Micro frontend as a page. With this approach, we dedicate a separate page per each of our micro-app. It allows us to avoid tight dependency between parent-child, compared to the previous approach. As a result, it is the most common way of implementing micro frontend architecture.
Ways to share the data between micro apps
One of the biggest challenges in architecting micro frontend is data sharing. The data can have different types like state, UI components, or utility functions. Make sure that your micro app is not containing a data store state, it has to be separated into a shareable data layer. You can imagine it similar to frontend — backend communication, where frontend is micro-app and backend (data layer) is the shareable library. Additionally, UI components and utilities will also fall into the same bucket as reusable shared libraries. This concept closely overlaps with monorepo principles. It guarantees consistency between the apps through the shared data.
There are also some other ways of communication between micro apps we need to mention. First, we can utilize our browser storage capabilities. It may be either localStorage, sessionStorage, cockies for storing session data or user metadata, or some more complex data structures in indexedDB. In addition to that, you may also establish the data transfer between the micro-apps simply through the router query params.
Angular provides already defined architecture that perfectly matches monorepo principles and micro frontend best practices.
The high level of architecture is divided into three major parts: workspace, projects, and libraries. By initializing an angular workspace — we generate a skeleton of the monorepo application, which further consists of projects and libraries.
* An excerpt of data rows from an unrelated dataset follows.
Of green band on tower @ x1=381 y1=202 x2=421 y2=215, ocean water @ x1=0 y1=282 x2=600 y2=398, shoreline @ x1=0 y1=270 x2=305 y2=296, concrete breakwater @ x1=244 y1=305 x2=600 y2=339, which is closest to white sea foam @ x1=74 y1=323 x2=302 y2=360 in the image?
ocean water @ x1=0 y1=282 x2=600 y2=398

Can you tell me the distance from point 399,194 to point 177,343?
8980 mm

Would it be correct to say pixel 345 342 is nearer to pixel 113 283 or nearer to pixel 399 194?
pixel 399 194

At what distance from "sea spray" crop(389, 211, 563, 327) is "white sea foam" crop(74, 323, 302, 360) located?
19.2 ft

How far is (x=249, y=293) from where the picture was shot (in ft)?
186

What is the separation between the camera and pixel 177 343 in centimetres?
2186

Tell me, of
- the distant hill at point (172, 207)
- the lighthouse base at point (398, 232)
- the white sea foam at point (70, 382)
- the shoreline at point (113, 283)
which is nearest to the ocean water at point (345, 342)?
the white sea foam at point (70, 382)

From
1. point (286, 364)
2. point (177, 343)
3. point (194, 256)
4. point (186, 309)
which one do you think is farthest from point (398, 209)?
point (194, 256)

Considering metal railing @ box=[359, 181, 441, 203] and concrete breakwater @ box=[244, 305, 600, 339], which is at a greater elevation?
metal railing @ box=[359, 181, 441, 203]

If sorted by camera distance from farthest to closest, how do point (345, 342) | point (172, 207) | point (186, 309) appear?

Each project could be a micro-app, it has an individual entry point and may have a flexible and customizable structure. Then libraries, on the other hand, are sharing the reusable data between projects, it may be our data layer, UI components, and other utility functions.
Angular modules are serving as the main building blocks. They encapsulate the entire feature, set of components, or a page with its dependencies. It is the perfect option to wrap our micro frontend app into it.
The routing feature comes with Angular out of the box and you don't have to install external packages. It provides everything you need to maintain the page transition between micro-apps. Routing outlets will allow you to configure shell app, hosting the navigation to each page of micro-app. You can choose which route will load which angular module.
And finally, lazy loading, which loads the angular module when needed, reducing the bundle size of the app and accelerating the page load. Angular has a native integration between routing and lazy loading modules. The only limitation is that it loads in compilation time, but what we need is to load modules dynamically, in runtime. We will show you how to do it shortly.
How to build?
Well, we have already reviewed the micro frontend best practices and figured out how angular is suitable for implementing such an architecture. There are a few grey zones left.
The first is how to load modules dynamically in real-time. This issue can be easily solved with Module Federation plugin, provided by webpack. It supports local and remote modules to build independently and asynchronously, which is optimal for our case.
The second question is how we combine all these sources together to create a workable prototype, which we can iterated over. The quickest way is to use NX cli, which will generate all the boilerplates for us. In order to learn more, check the step-by-step tutorial how to build micro frontend with angular, NgRx state sharing, using NX command line.
We found out that micro frontend architecture is tightly compatible with Angular. There are multiple tools to glue them together, like Module Federation and NX monorepos. We can only make a guess if the future version of Angular will support the micro frontend architecture from out of the box.